I don’t know how we got on the subject, but in 5th grade, Justin gave me a Valentine. My shy self did not like the attention, but clearly, I liked the card because I still have it. It’s tucked away in my scrap book from childhood. I was telling him about it, some 40 or so odd years later. He didn’t even remember giving it to me. He said, “Did it have the boxes on it? You know, ‘do you like me? Check Yes or No?” It wasn’t that kind of card. It was a real card. Not some box of valentine’s from the drugstore, but a real Hallmark card. We laughed. It did get me thinking, though.
Our version of ‘do you like me? check yes or no’ comes to us every day, all the time. Almost non-stop through social media. For example, just before I sat down to write this post, I put a post of my dog on my personal Instagram. It’s not hard to find, it’s just like this one sans the art. My dog was guilty of eating 5 large banana muffins I had just made and put in a Ziploc. They were still warm, so I hadn’t zipped it up. She was fighting a battle of temptation that she was not strong enough to win. She was 4 muffins in with the last on in her mouth when she was caught red-handed. Now, this story is funny to us (sort of) and now that I have researched enough to find she won’t die from them, its all okay. So, she needed public shaming. And whether anyone likes the post or not…..you know I’ll be checking.
Quite possibly the worst thing to ever come from social media is the LIKE button. You’ll hear it all the time…it’s all about the likes. The click bait. I’ll admit, I’ve even had a click bait post. I know this because a friend of mine sent me a text one day telling me he had to go read my blog post based on the photo I posted (it’s a ton of tiny school pics from 8th and 9th grade. Who wouldn’t be curious what that going to reference, right?
Anyway, we want people to know we read their posts. We agree with their posts. We hear them loud and clear. We like them. And sometimes, I wish there was a dislike button, but only for bad things that happen. Things we wish hadn’t happened. Not to tell someone I don’t like their post because of ….fill in your own because. We aren’t animals like on Twitter. That’s a whole other (or as I like to say in my deepest Southern accent –a whole ‘nother) post about people on Twitter.
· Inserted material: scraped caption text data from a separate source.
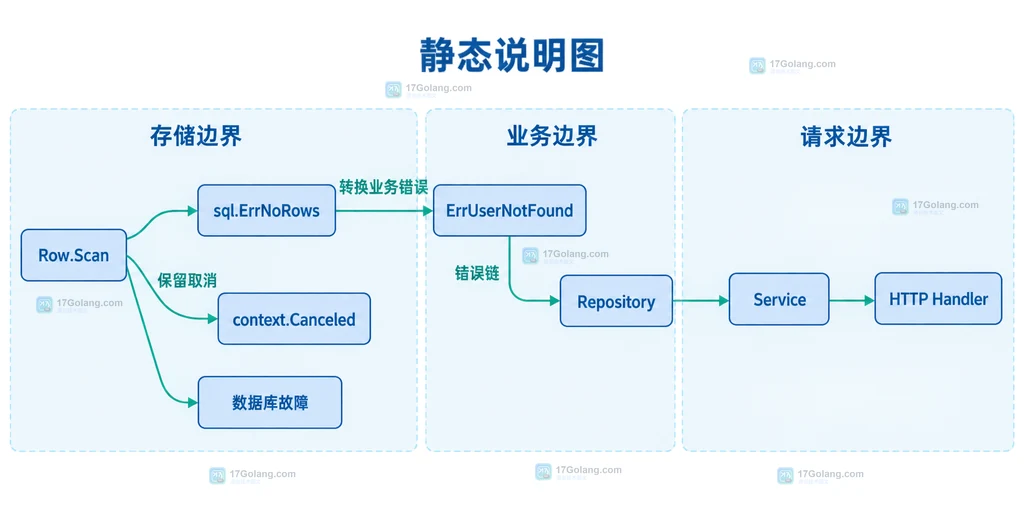 Go ErrNoRows 从数据库扫描层映射到业务错误和 HTTP 响应的关系图
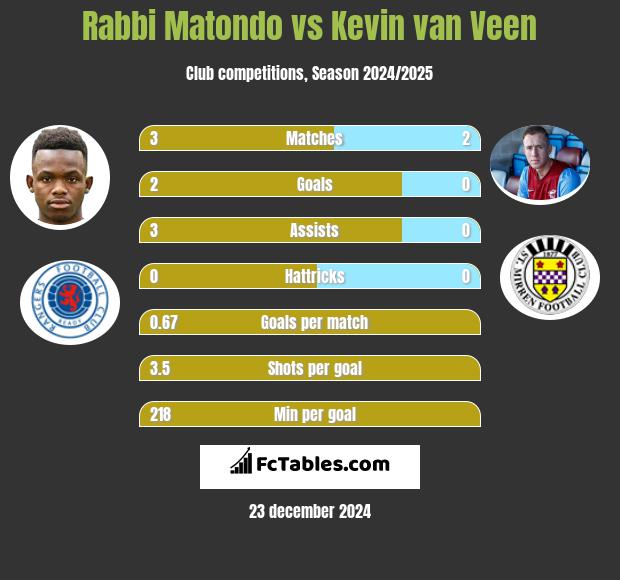 Rabbi Matondo vs Kevin van Veen h2h player stats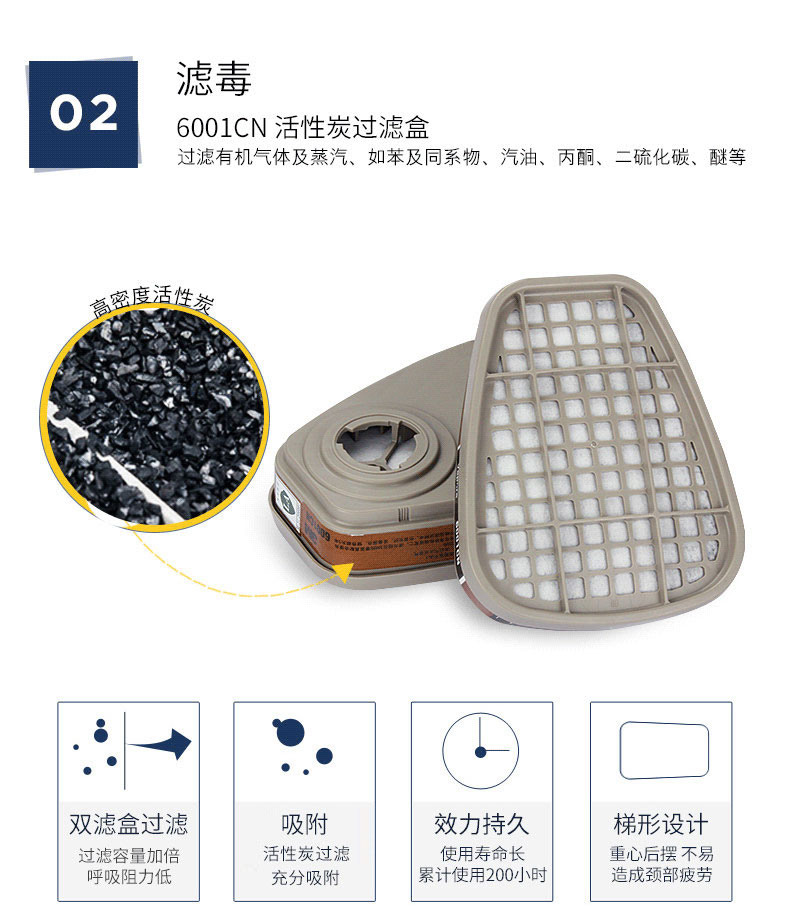 广州3M面罩滤毒盒滤棉呼吸防护性能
In our life today, we spend too much time worrying about how many likes we have and who is liking our posts. I’ve stepped away from my personal Facebook profile. I wanted to delete it all together, but no profile means, no business pages. And how would you read my blog otherwise? Well, you could sign up to receive it via email….hint hint. Anyway, I needed a break and I’m not posting there currently. I am only using my LM Art page to post my blog posts and any old random thing that comes to mind from my Instagram.
The like factor for me is about whether what I am writing is speaking to you. I don’t care if you like me personally or not, but I love writing. I hope what I’m writing makes a difference to someone. Not everyone. You cannot be all things to all people. To talk about stuff, like food addiction or loving yourself or friendships or struggling with alcohol and addiction, is important to me because when I was growing up I didn’t have someone relate-able. I didn’t know that comparison is the thief of joy. I didn’t know that anything I ever did made a difference. I didn’t know that some kind of enlightenment would arrive one day, but that it would take a lot of courage, pain, and tears to get there.
I have a better question. Do I like me? Would I give myself a thumbs up? A heart? A like? It’s taken what feels like a million years, but yes. Yes, I do.